Supplied material START
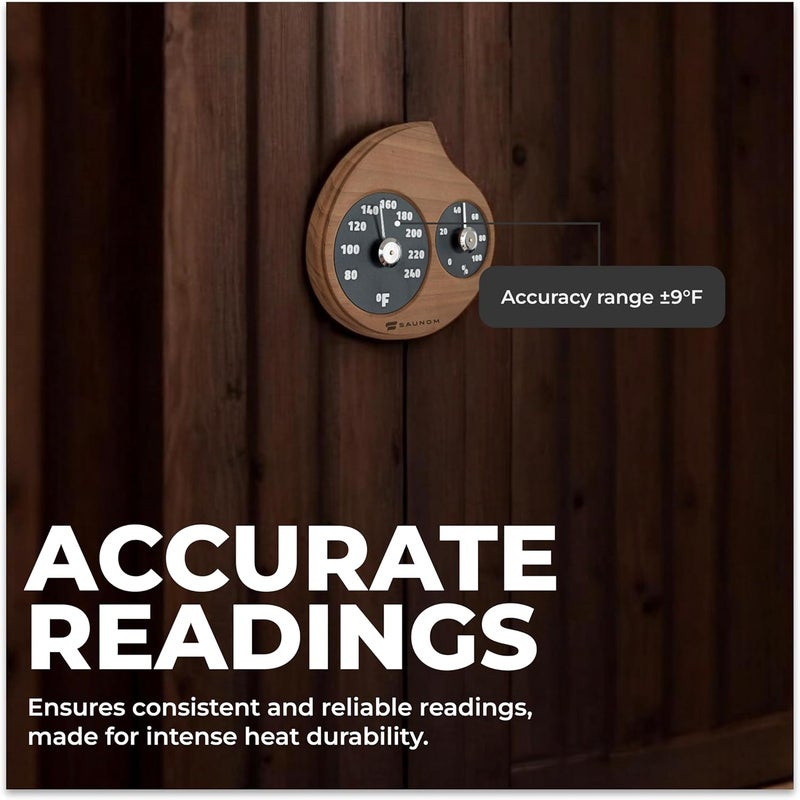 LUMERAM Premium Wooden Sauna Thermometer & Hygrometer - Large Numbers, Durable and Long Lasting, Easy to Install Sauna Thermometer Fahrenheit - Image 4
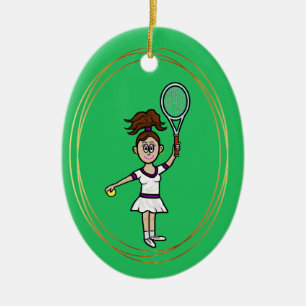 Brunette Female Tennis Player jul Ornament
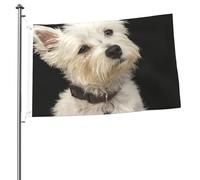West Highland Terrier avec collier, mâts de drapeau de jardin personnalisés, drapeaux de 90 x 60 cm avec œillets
Supplied material END
Supplied material START
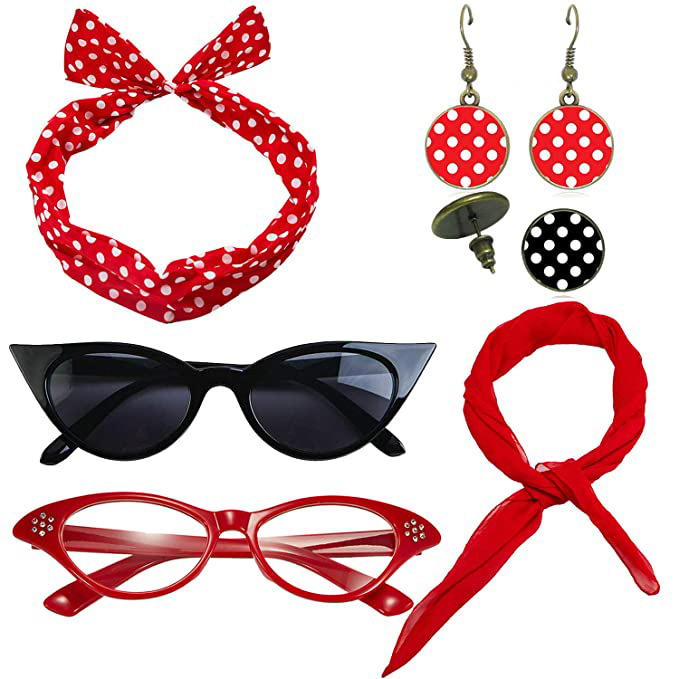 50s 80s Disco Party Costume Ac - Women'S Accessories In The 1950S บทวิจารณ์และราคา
Supplied material END
Supplied material START
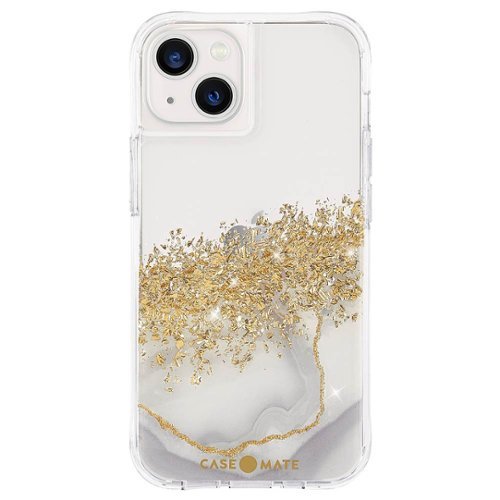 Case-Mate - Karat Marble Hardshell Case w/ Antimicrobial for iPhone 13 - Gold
Supplied material END
### Task details
Keep to the stretch from the line containing "LUMERAM Premium Wooden" through the line containing "West Highland Terrier", both ends included, and copy it exactly from the listing above, minus the pictures.

### Exercise solution
 LUMERAM Premium Wooden Sauna Thermometer & Hygrometer - Large Numbers, Durable and Long Lasting, Easy to Install Sauna Thermometer Fahrenheit - Image 4
 Brunette Female Tennis Player jul Ornament
West Highland Terrier avec collier, mâts de drapeau de jardin personnalisés, drapeaux de 90 x 60 cm avec œillets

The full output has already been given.